Müslüm Yücel: Tiran ile Kurt hikâyesi

Freud, son eserlerinde sıkça ölüm içgüdüsünden söz etti. Bunun nedeni I. dünya savaşıydı; bir “uygarlık” çözülüyordu, bir “uygarlık” yükseliyordu; çözülme ve yükselmenin de tek bir temeli vardı: Barbarlık! Kimse feragat etmiyor. Kibir, kendini beğenme, ukalalık almış başını gidiyor. Öldürerek yaşayan kimselere, kahraman deniliyor. Freud, “sidik ve bok arasında doğmuş” insanlara bakıyor. Stendhal’in kahramanıydı sanki, birileri ölüyor, birileri bu ölüme gidenler üzerinden kendini var ediyordu, meselenin aslıyla kimse ilgilenmiyor. Öte yandan kişi kendini sevmeden, başkasını sevemezdi kimse ama kendine tapma, kişilik bozukluğuydu.

Günümüzde kişilik bozukluğu, narsist kimseler en çok siyaset adamları arasından çıkıyor. Bunlar kendilerini diğer insanlardan üstün görüyorlar; empati eksiklikleri, kendilerine hayran tavırlarıyla sürekli bir şeyler bekliyorlar: Çok talepkarlar. Gerçek olmayınca, kendilerine bir gerçek uyduruyorlar, fantezi dünyaları üzerinden geçmişi, geleceği ve bugünü istedikleri gibi eğip bükme hakkını kendilerinde görüyorlar.

Kendilerinin bir emeği yoktur; birinin kardeşi, birinin abisi vs olma dışında bir özellikleri yoktur, parlatılmışlar ama bunun ezikliğini de yaşarlar, çok yetenekli olduklarını düşünürler; en iyi şiiri onlar okur, yazar, en iyi bağlamayı onlar akort eder, en yakışıklı onlardır, en zeki çocuklar onlardan doğmuştur, en güzel kadın onların eşidir, bütün enler, onlarda birleşir, aile yakınları da birer çalışanlarına döner; olmayan bir auranın peşinden gidip, sürekli göz önünde olmaktan ne oldum delisi olurlar… Pop starlarların menajerleri, Türk filmlerindeki konak sahiplerinin birinci elden yakın akrabaları; havaları Neriman Köksal, emir verdikleri kimseler, garibim bahçıvanlardır…

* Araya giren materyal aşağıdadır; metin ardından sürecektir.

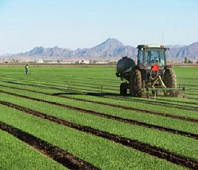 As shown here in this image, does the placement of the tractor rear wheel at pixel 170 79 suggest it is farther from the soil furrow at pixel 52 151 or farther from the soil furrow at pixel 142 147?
the soil furrow at pixel 52 151

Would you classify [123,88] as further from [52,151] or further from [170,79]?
[52,151]

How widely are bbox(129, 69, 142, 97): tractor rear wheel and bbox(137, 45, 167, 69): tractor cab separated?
0.63 meters

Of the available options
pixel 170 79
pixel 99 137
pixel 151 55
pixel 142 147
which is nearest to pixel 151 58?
pixel 151 55

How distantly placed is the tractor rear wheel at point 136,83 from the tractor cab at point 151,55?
63cm

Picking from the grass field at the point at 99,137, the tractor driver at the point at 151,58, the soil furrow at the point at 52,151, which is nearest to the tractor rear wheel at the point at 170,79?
the tractor driver at the point at 151,58

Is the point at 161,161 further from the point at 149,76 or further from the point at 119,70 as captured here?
the point at 119,70

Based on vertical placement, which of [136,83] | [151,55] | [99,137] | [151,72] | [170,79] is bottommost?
[99,137]

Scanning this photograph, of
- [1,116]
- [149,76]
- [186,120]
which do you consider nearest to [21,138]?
[1,116]

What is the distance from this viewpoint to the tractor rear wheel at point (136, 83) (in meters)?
20.7

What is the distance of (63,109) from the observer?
16891 millimetres

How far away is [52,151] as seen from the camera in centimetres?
954

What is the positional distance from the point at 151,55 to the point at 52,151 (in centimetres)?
1290

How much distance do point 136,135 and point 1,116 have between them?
583 centimetres

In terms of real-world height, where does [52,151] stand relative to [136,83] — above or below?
below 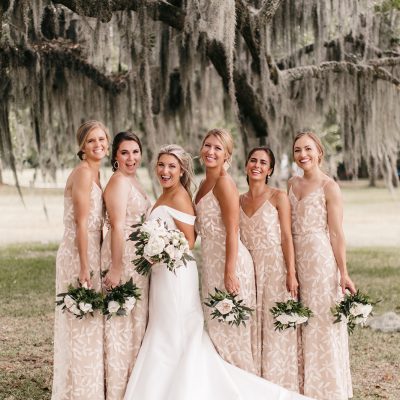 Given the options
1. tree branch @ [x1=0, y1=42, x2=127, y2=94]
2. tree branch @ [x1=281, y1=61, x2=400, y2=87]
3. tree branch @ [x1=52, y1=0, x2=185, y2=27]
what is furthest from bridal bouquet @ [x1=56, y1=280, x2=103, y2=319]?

Bunlar eşsizdirler, benzersizdirler, yetenekleri tartışılmaz zaten; dindar olanlar, Allah’ın kendilerine bunu lütuf olduğuna inanırlar, olmayanlar bu yetenekleri kazandıklarını düşünür ve insanları da buna ikna ederler; öyle bir ilişki ağı kurarlar ki, sanırsın dünya onlar gibilerin eseridir- başkaları onların metresidir, işe böyle başlarlar ve sonra, herkesi ölçüp biçme işine girerler; kendilerinin olmadığı bir masayı dağıtırlar; mundar etmede üstelerine yoktur, bir gün ilgi gösterilmese kıyameti koparırlar; her gün, her saat birileri onlardan söz etsin isterler, her gün onların adı gazetelerde çıksın isterler… Böylece saygınlık kazanırlar; yapay bir saygıdır bu ama onlar buna inanırlar; eleştiriye, yenilgiye tahammül etmezler. Bir kadına ya da bir erkeğe kendilerini “irdirmezler.” Kadının da erkeğin de bir fazlasıdırlar.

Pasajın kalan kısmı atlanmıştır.